Validation data

Question

Validation data

Opened this issue 5 years ago · 6 comments

Hi,

Thanks for making the code public!
You mentioned the train/valid/test split in paper but I cannot find the validation data in this code. Could you provide the code that produces the numbers in your paper? Thank you!

Answer 1 · 2019-07-10T06:32:19.000Z

Hi,
Thanks for your interest. Sorry for the late reply after a busy week.
If my memory was correct, the training, validation, and testing datasets are split chronologically. Hence, you can use the first half part of testing instances as validation.

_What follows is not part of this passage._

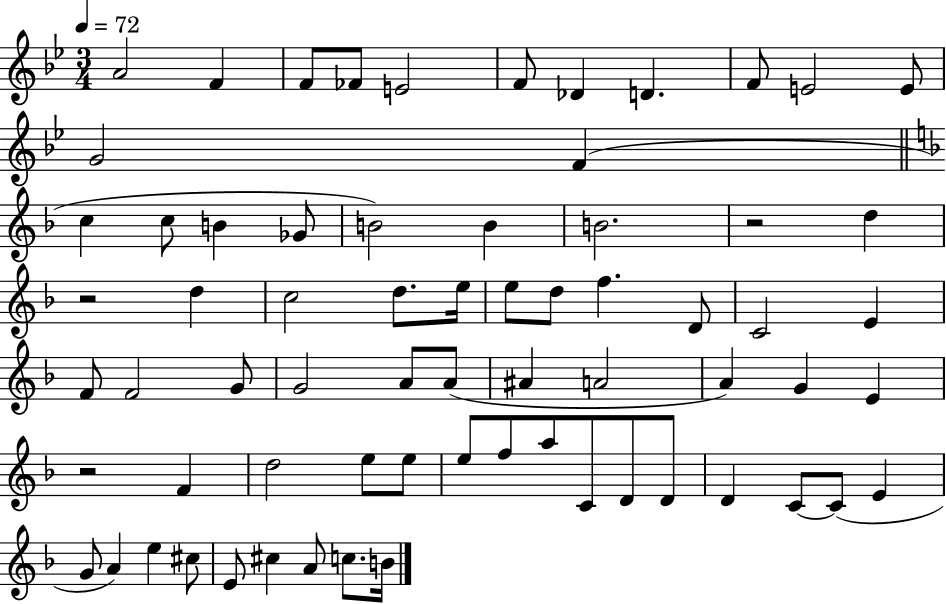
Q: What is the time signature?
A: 3/4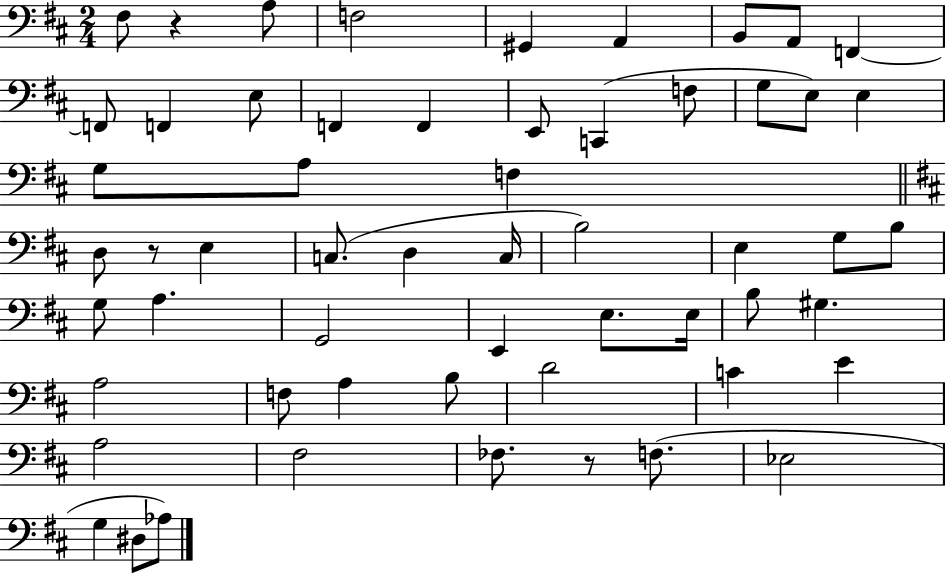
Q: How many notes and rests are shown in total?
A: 57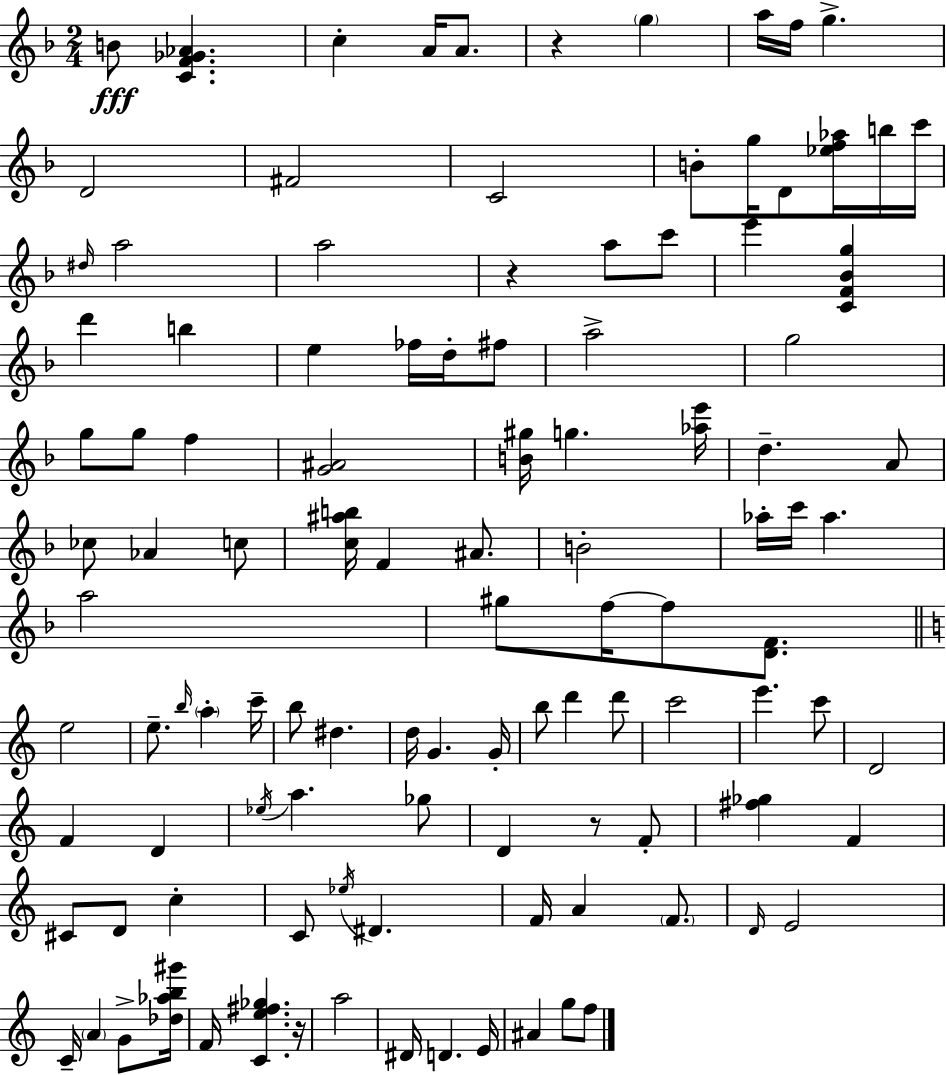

For all baselines and NGCF, the performance reported in our paper is done over the union of validation and testing parts. So you can just use the datasets provided in github to reproduce our performance.

Thanks.

Answer 2 · 2019-07-19T14:53:09.000Z

Thanks Xiang for your clarification. Does such evaluation procedure have suspicion of overfitting the test data? Because part (even half) of the test data is seen during the training.

Answer 3 · 2019-07-23T10:10:22.000Z

We keep all baselines and our model on the same page, for a fair comparison. Therefore, our results are reliable and reproducible. Of course, we will follow more restrict experimental settings in our future work. Thanks for your valuable suggestions!

Answer 4 · 2019-09-27T07:48:49.000Z

Hi, thanks for your work. I cannot find the validation data in your code and released data either. And what's the meaning of "the performance reported in our paper is done over the union of validation and testing parts" ? As I understand based on the code below, there is no special validation data, and you test the model every epoch with the test data, and report the best result as the final result, right? Or do you conduct experiments as described in the article, which it is not the same as the code?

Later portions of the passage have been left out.